The transportation sector has made a significant contribution to helping the capital reach national standards for air quality.
He Hongtao, 38, a Beijing engineer who had driven to work since 2008, when he started his career after graduation, switched to the subway in 2014.
“I remember there were several sandstorms in 2013, when the city government encouraged the public to use public transportation instead of driving, in order to cut emissions,” he said.
“Due to the smog, many people complained about the air quality and even moved out of Beijing to a better environment.
“I was thinking that instead of complaining, I would rather do something to help solve the problem, so I decided to take the subway to work. I only drove during weekends, when I needed to take the whole family out.”
Gradually, this became second nature, and He plans to stick to this routine.
“It’s not a big deal for one person, but when millions of people do the same, it makes a big difference,” He said.
To meet demand and provide a better service for the public, Beijing’s transportation authority has been upgrading the subway network for years.
Wu Shijiang, deputy head of the city’s transport commission, said the capital has built and will continue to provide a convenient and green public transportation network to protect the environment and reduce emissions.
By the end of last year, nine new subway lines or extensions had been put into operation, giving the public more transportation options, rather than driving. The total length of the city’s subway lines has reached 783 kilometers.
The municipal government has also improved cycle lanes for commuters.
According to the transportation authority, green travel is the most popular among Beijing residents, as it has cut emissions in the sector from source.
To reduce carbon emissions, the city’s residents have been encouraged in recent years to use new energy vehicles, with drivers of such cars being offered numerous preferential policies.
By 2020, there were 400,000 new energy vehicles in Beijing, and the number was rising by about 70,000 annually. According to the municipal government’s plan, there will be 2 million such vehicles in the city by 2025, which will further improve air quality.

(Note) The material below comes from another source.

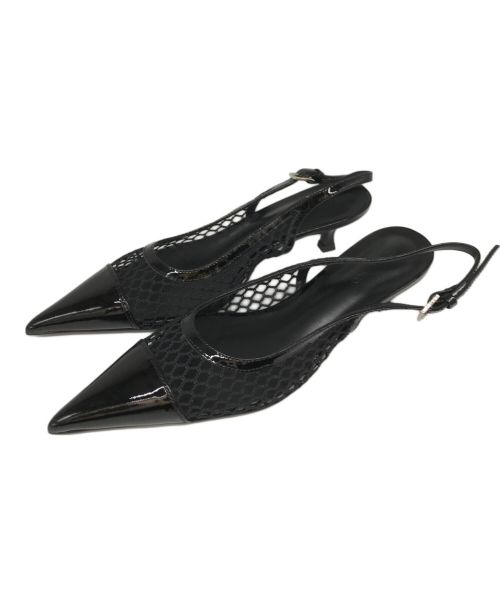 TONY BIANCO（トニービアンコ）TONY BIANCO (トニービアンコ) ポインテッドトゥメッシュミュール ブラック サイズ:6の古着・服飾アイテム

Neighboring regions have also made a significant contribution to the improved air quality in Beijing.
He Kebin, a professor at Tsinghua University’s School of Environment and an academician at the Chinese Academy of Engineering, said emission reduction efforts in nearby areas, especially Hebei province and Tianjin, have been important in improving air quality in the capital.
For the past five years, Beijing, Tianjin and Hebei have coordinated efforts to prevent air pollution.
A scientific evaluation was carried out to assess the contribution made by regions neighboring Beijing in reducing emissions, He Kebin said. This work was supported by a series of important scientific research projects from the Ministry of Science and Technology, the Ministry of Ecology and Environment, and the National Natural Science Foundation of China.
The evaluation results showed that from 2013 to last year, surrounding areas contributed to a PM2.5 reduction of 14.4 mcg per cu m in Beijing.
He Kebin said Tianjin and Shanxi, Hebei, Henan and Shandong provinces contributed a PM2.5 reduction of 7.1 mcg per cu m in Beijing, accounting for 22.5 percent of the overall such reduction in the capital from 2013 to 2017.
“Generally speaking, the surrounding areas contribute about 25 to 30 percent to Beijing’s air quality improvement,” he said. “As the city’s air quality is already at a relatively good level, regional integrated control and prevention measures for better air will play an essential role in the future,” He Kebin added.
Meanwhile, science and technology have also played a vital role. Beijing was the first city in China to establish an urban air quality prediction system, which can accurately analyze sources of PM2.5 and its transmissions. The system has provided a scientific foundation for control and prevention work.
As people have become used to clear skies and fresh air in Beijing, the municipal government said efforts will continue this year to ensure good air quality for the public.